Department of Wildlife, Fish, and Conservation Biology, University of California Davis, 1088 Academic Surge, One Shields Ave, Davis, California, 95616, USA.
Southeast Climate Adaptation Science Center, U.S. Geological Survey, North Carolina State University, 127 David Clark Labs, Campus Box 7617, Raleigh, North Carolina, 27695, USA.
Ecol Appl. 2021 Mar;31(2):e02249. doi: 10.1002/eap.2249. Epub 2021 Jan 6.

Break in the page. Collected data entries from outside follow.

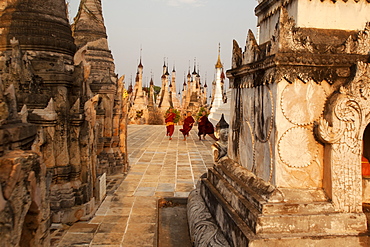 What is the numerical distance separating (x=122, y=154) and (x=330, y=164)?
633cm

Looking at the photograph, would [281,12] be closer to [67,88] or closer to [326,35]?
[326,35]

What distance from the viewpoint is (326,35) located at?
316cm

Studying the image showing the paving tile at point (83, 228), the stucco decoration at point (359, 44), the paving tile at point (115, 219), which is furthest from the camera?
the paving tile at point (115, 219)

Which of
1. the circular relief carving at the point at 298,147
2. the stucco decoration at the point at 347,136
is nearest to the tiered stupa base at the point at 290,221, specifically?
the stucco decoration at the point at 347,136

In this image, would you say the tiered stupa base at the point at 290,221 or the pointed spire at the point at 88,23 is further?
the pointed spire at the point at 88,23

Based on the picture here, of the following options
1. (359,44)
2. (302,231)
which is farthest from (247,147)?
(359,44)

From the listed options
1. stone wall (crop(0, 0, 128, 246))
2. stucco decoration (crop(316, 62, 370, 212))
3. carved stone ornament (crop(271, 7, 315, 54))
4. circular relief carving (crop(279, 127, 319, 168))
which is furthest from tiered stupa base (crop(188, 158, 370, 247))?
stone wall (crop(0, 0, 128, 246))

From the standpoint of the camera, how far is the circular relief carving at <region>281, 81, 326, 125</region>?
9.70ft

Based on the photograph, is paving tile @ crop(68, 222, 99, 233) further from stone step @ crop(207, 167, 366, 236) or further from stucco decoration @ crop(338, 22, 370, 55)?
stucco decoration @ crop(338, 22, 370, 55)

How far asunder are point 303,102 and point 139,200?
396 centimetres

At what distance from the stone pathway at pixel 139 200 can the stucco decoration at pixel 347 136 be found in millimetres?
2433

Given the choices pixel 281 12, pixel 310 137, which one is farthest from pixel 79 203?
pixel 281 12

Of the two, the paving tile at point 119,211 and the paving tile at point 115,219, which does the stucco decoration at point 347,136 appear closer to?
the paving tile at point 115,219

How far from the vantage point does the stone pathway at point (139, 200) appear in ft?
14.1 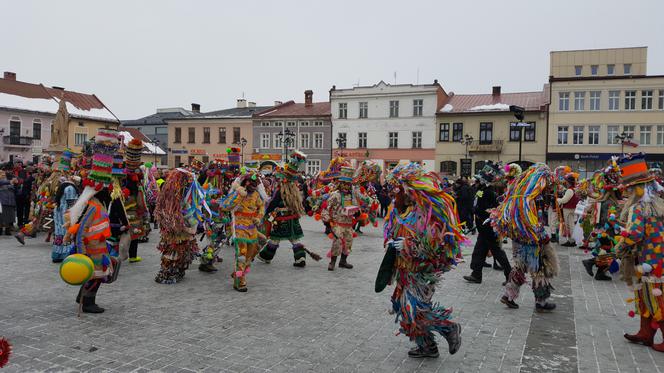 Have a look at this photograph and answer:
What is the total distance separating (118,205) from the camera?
6832 millimetres

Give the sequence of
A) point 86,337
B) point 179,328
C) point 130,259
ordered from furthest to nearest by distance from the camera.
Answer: point 130,259
point 179,328
point 86,337

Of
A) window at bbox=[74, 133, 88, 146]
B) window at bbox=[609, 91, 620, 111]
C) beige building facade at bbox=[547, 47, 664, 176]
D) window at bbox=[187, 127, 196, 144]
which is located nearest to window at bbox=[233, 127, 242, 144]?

Community occupancy models estimate species-specific parameters while sharing information across species by treating parameters as sampled from a common distribution. When communities consist of discrete groups, shrinkage of estimates toward the community mean can mask differences among groups. Infinite-mixture models using a Dirichlet process (DP) distribution, in which the number of latent groups is estimated from the data, have been proposed as a solution. In addition to community structure, these models estimate species similarity, which allows testing hypotheses about whether traits drive species response to environmental conditions. We develop a community occupancy model (COM) using a DP distribution to model species-level parameters. Because clustering algorithms are sensitive to dimensionality and distinctiveness of clusters, we conducted a simulation study to explore performance of the DP-COM with different dimensions (i.e., different numbers of model parameters with species-level DP random effects) and under varying cluster differences. Because the DP-COM is computationally expensive, we compared its estimates to a COM with a normal random species effect. We further applied the DP-COM model to a bird data set from Uganda. Estimates of the number of clusters and species cluster identity improved with increasing difference among clusters and increasing dimensions of the DP; but the number of clusters was always overestimated. Estimates of number of sites occupied and species and community-level covariate coefficients on occupancy probability were generally unbiased with (near-) nominal 95% Bayesian Credible Interval coverage. Accuracy of estimates from the normal and the DP-COM was similar. The DP-COM clustered 166 bird species into 27 clusters regarding their affiliation with open or woodland habitat and distance to oil wells. Estimates of covariate coefficients were similar between a normal and the DP-COM. Except sunbirds, species within a family were not more similar in their response to these covariates than the overall community. Given that estimates were consistent between the normal and the DP-COM, and considering the computational burden for the DP models, we recommend using the DP-COM only when the analysis focuses on community structure and species similarity, as these quantities can only be obtained under the DP-COM.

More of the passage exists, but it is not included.